--- Supplied material Enclosed Below ---

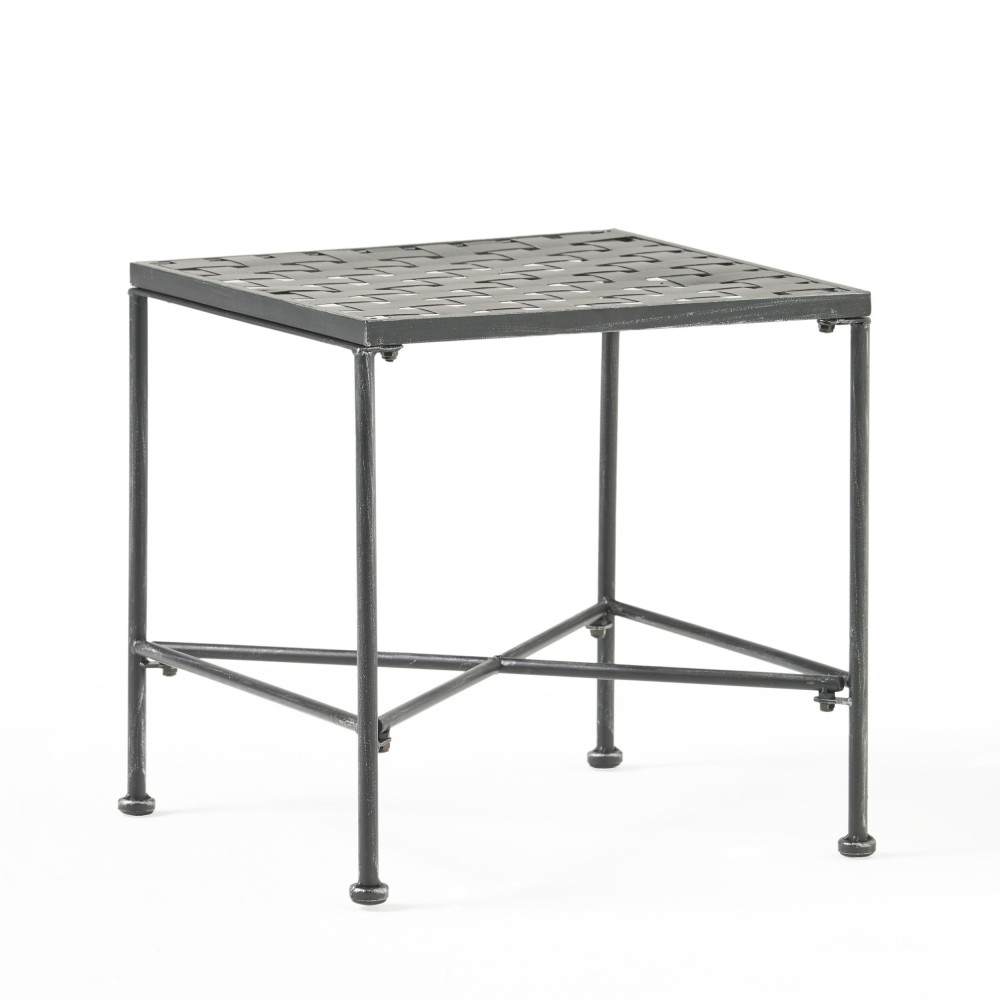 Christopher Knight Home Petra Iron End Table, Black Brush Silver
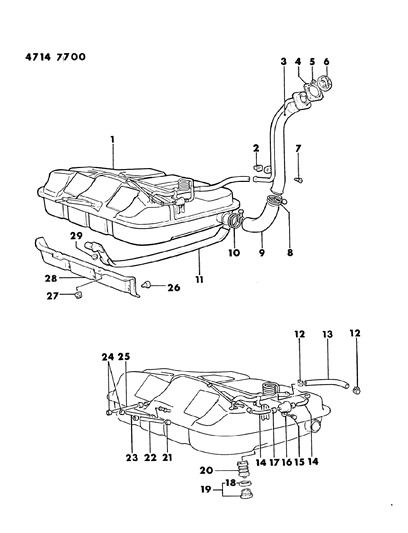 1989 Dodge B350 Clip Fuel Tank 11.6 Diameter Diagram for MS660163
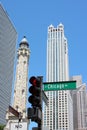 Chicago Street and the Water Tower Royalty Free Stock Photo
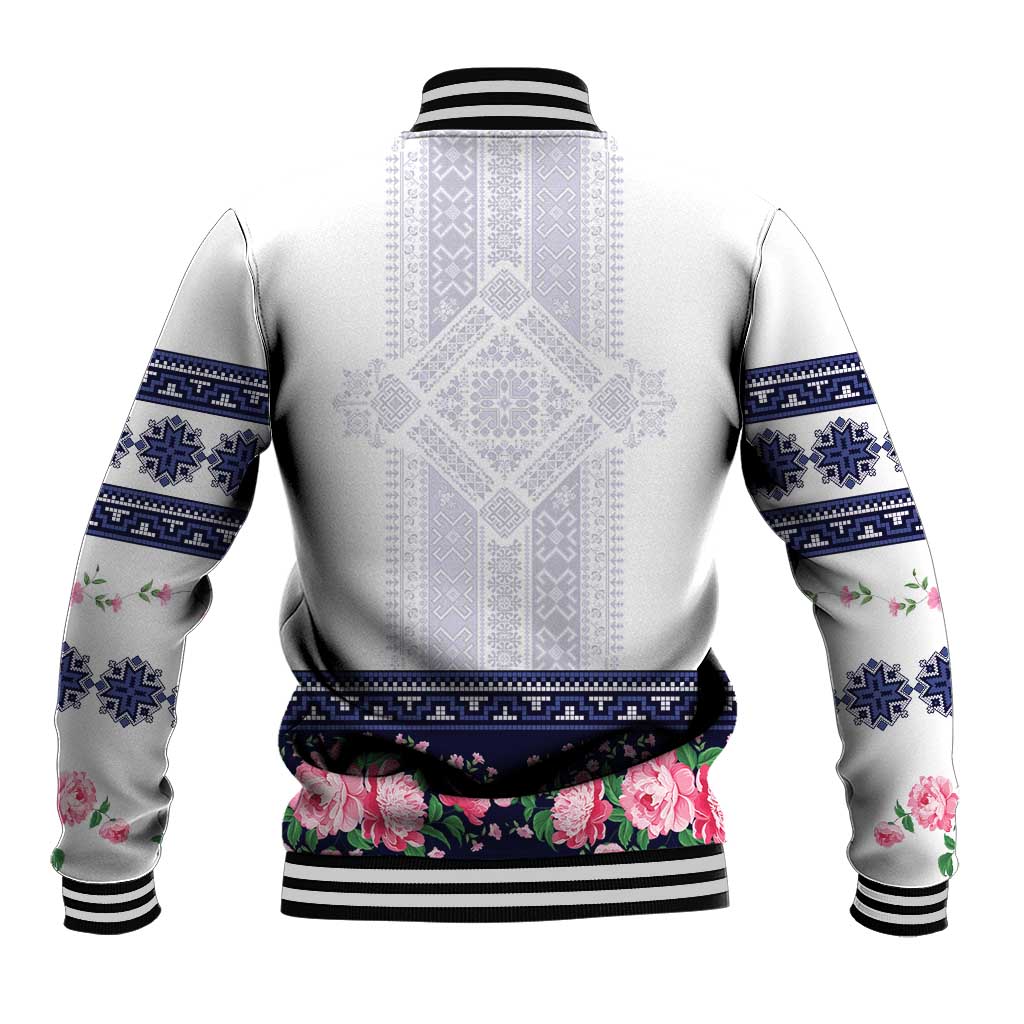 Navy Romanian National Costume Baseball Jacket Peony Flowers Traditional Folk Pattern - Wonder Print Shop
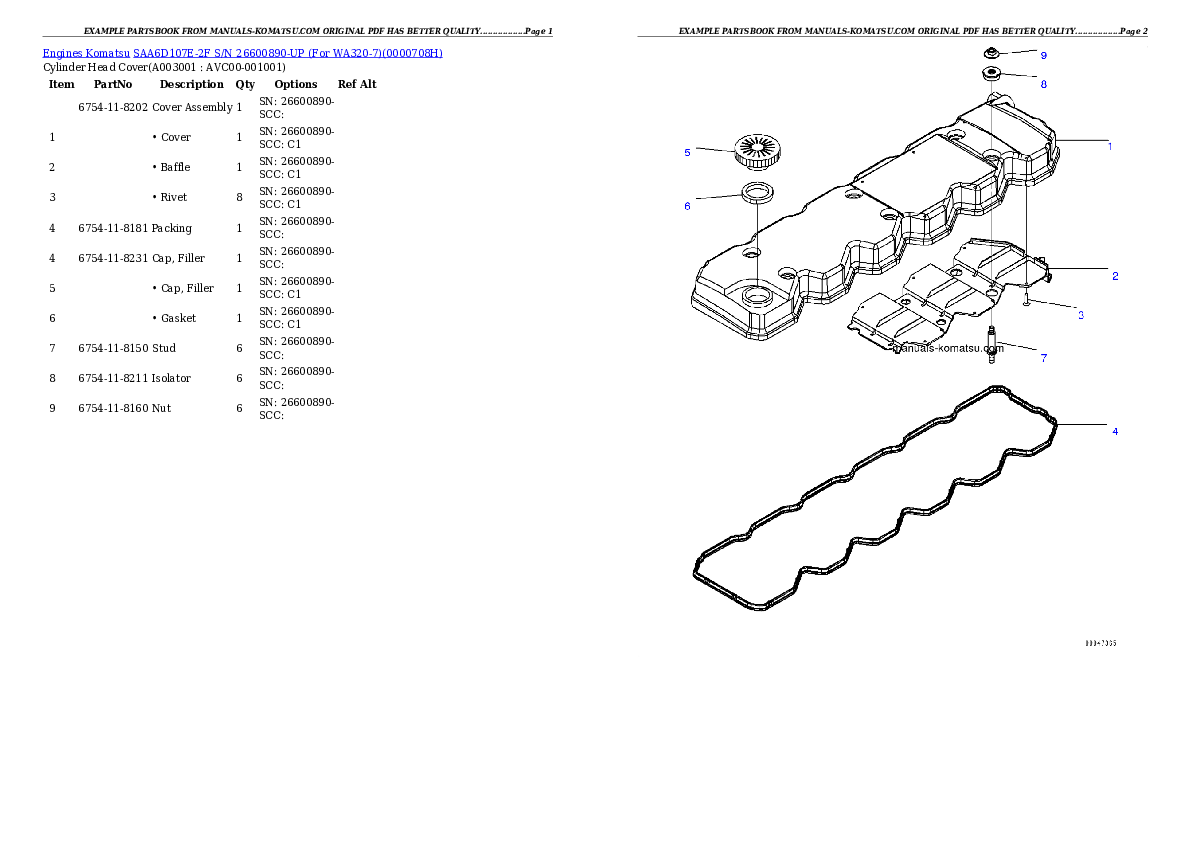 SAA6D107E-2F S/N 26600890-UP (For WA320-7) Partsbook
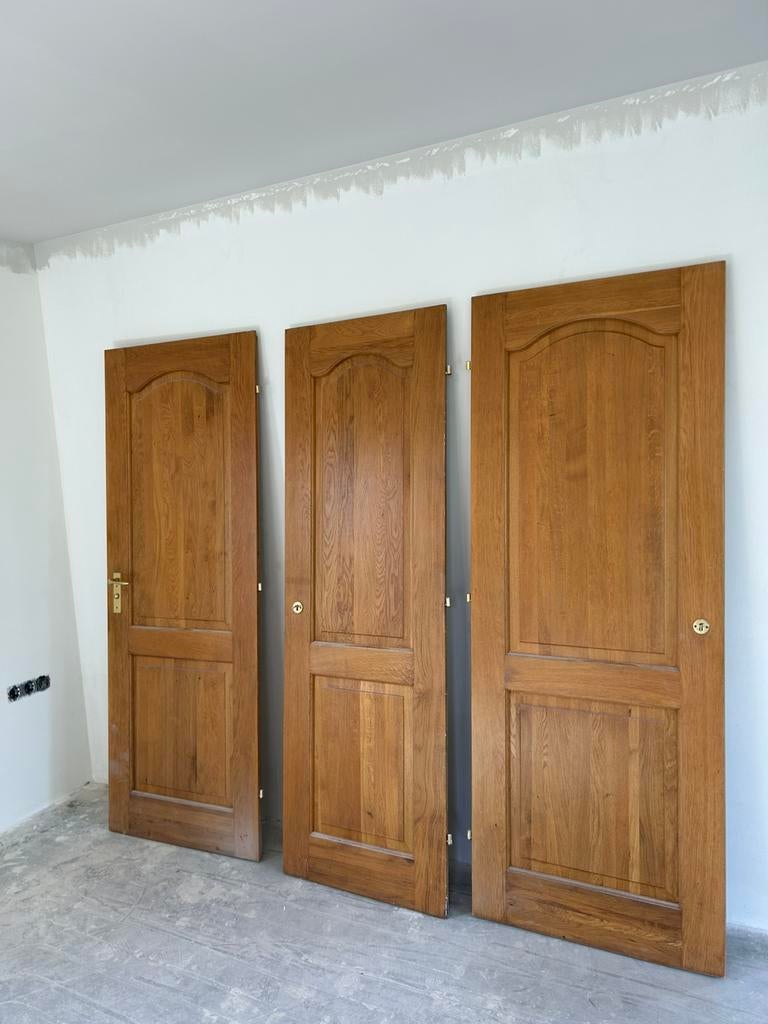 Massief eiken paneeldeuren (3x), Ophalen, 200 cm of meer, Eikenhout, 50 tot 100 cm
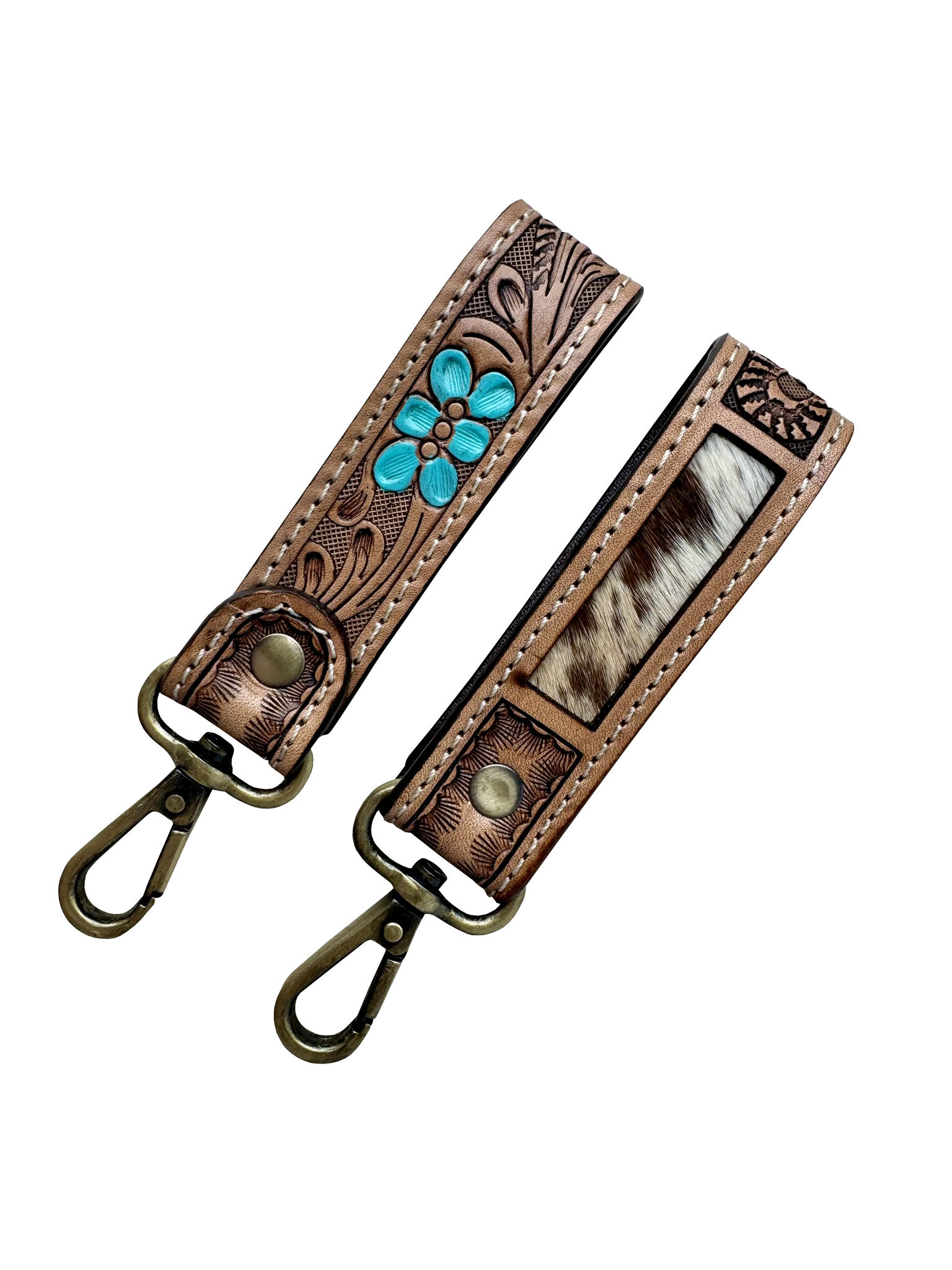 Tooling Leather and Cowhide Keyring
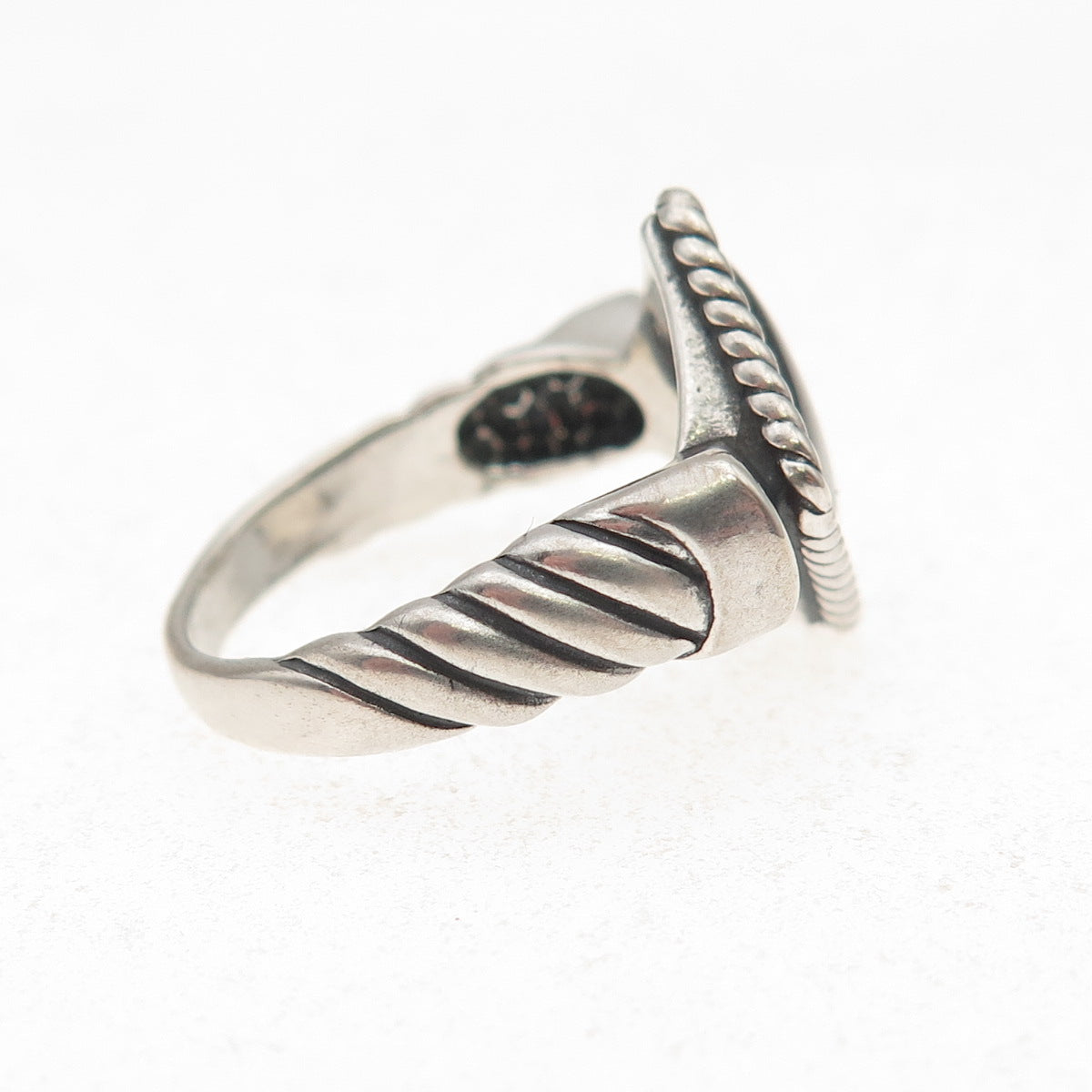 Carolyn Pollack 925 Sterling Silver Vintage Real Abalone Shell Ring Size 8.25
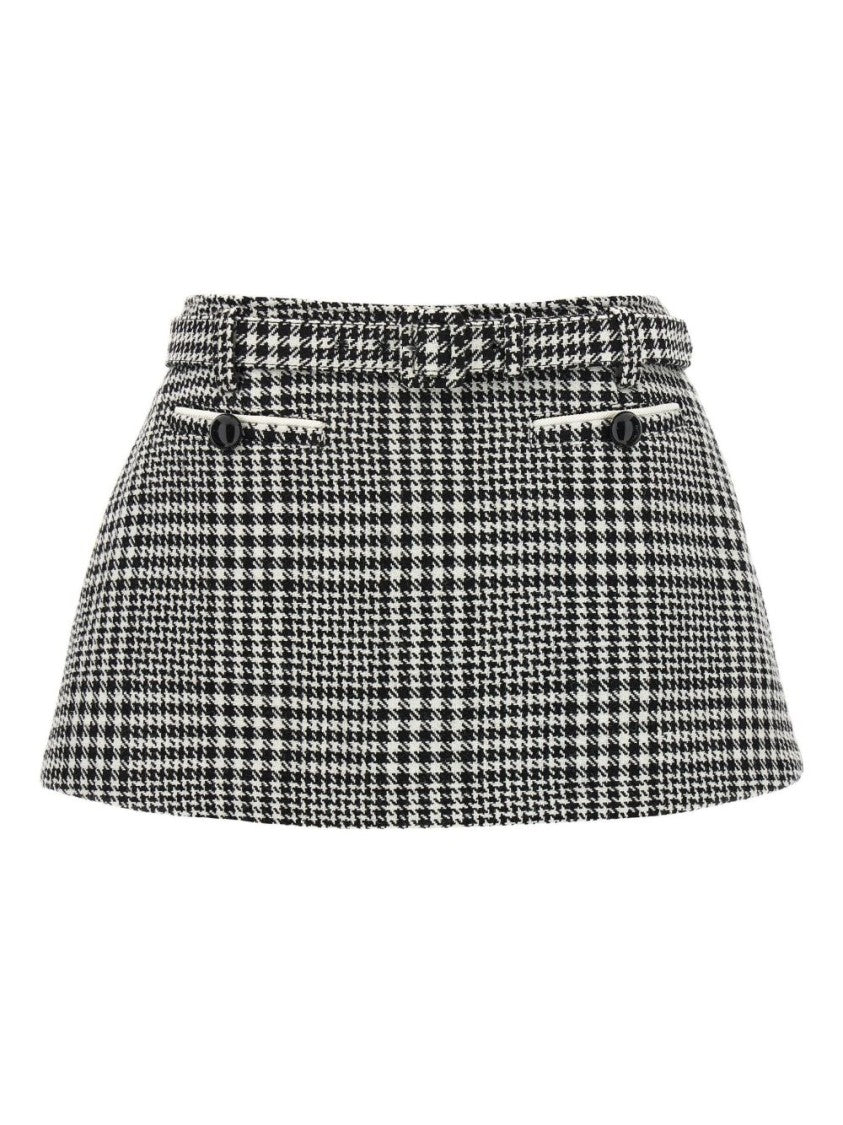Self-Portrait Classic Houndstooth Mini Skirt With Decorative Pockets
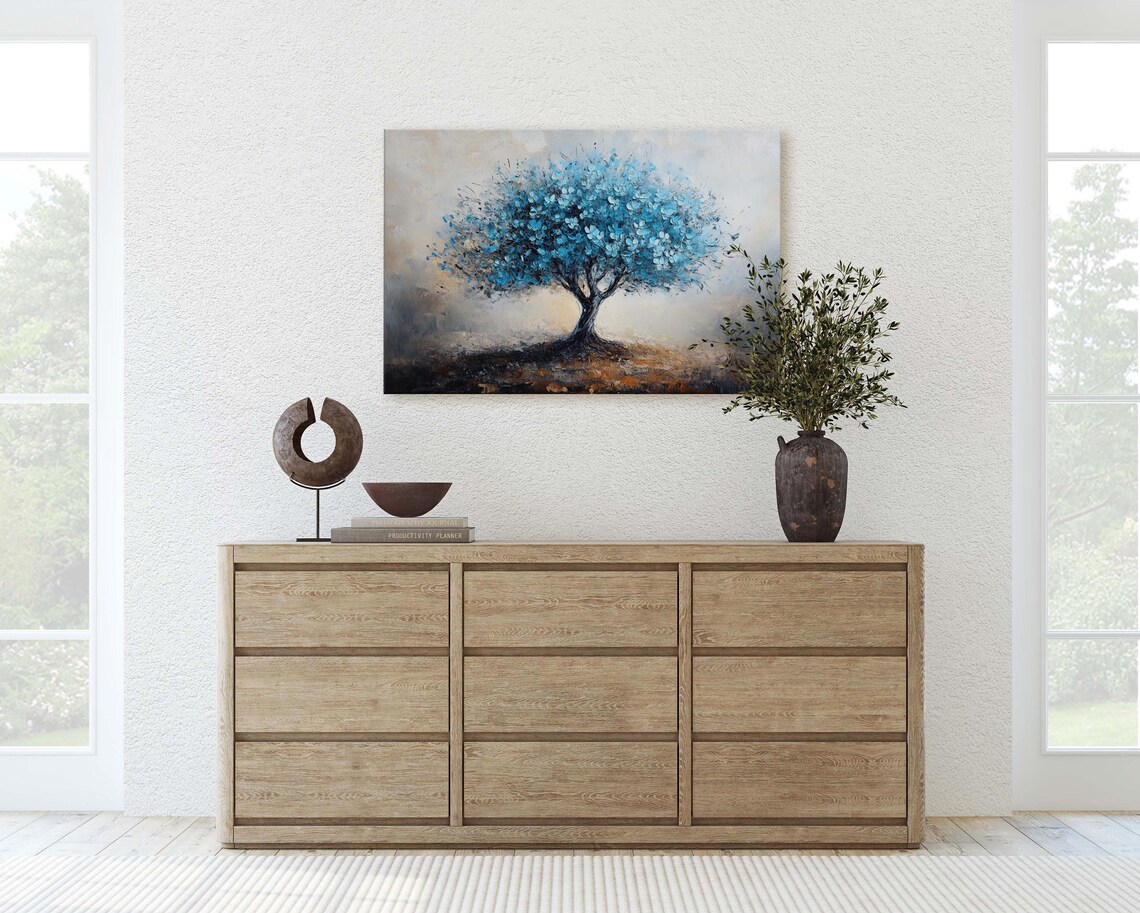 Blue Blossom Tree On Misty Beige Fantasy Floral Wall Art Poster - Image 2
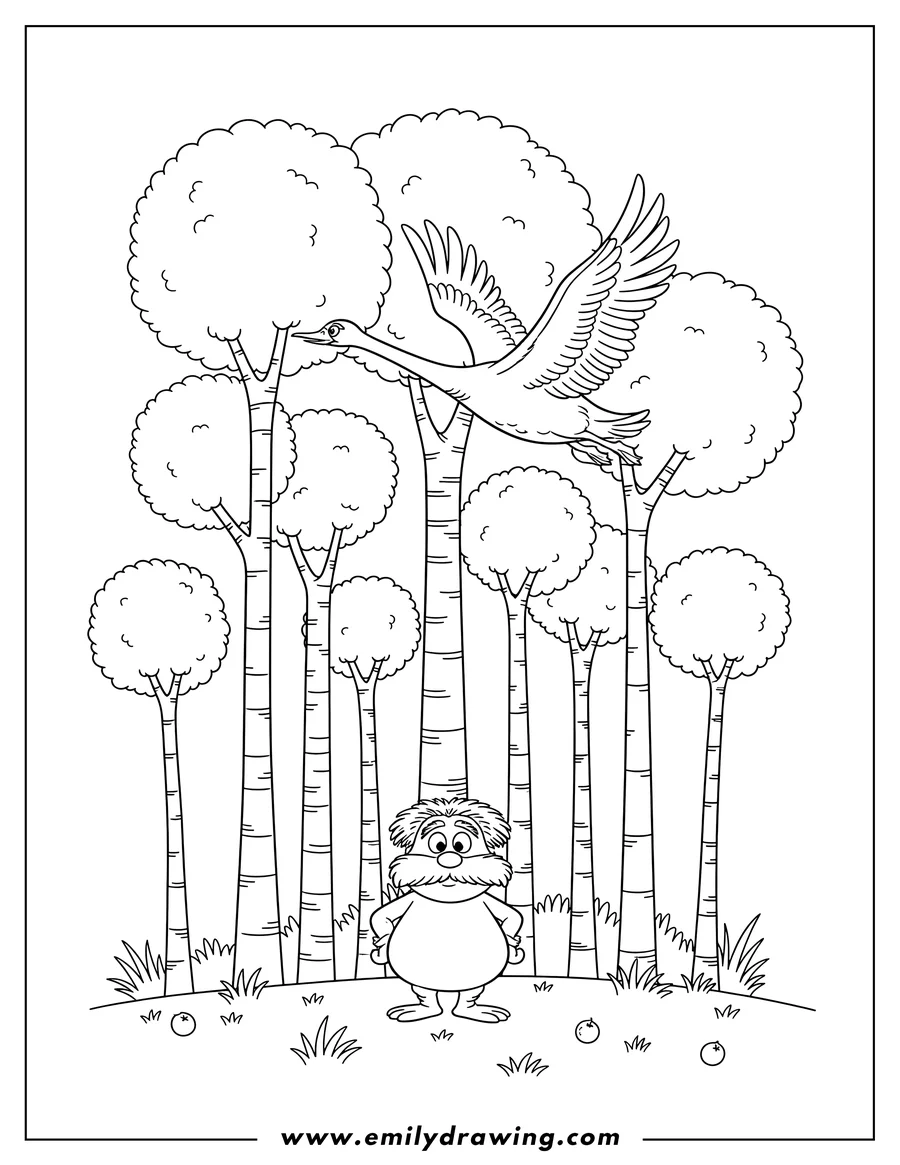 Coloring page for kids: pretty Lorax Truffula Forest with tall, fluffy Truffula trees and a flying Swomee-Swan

--- End of Enclosed Supplied material ---

» **Brief**: Write out every record above exactly as it stands, but leave out the pictures.

» **Output of the task**:
 Christopher Knight Home Petra Iron End Table, Black Brush Silver
 1989 Dodge B350 Clip Fuel Tank 11.6 Diameter Diagram for MS660163
 Chicago Street and the Water Tower Royalty Free Stock Photo
 Navy Romanian National Costume Baseball Jacket Peony Flowers Traditional Folk Pattern - Wonder Print Shop
 SAA6D107E-2F S/N 26600890-UP (For WA320-7) Partsbook
 Massief eiken paneeldeuren (3x), Ophalen, 200 cm of meer, Eikenhout, 50 tot 100 cm
 Tooling Leather and Cowhide Keyring
 Carolyn Pollack 925 Sterling Silver Vintage Real Abalone Shell Ring Size 8.25
Self-Portrait Classic Houndstooth Mini Skirt With Decorative Pockets
 Blue Blossom Tree On Misty Beige Fantasy Floral Wall Art Poster - Image 2
 Coloring page for kids: pretty Lorax Truffula Forest with tall, fluffy Truffula trees and a flying Swomee-Swan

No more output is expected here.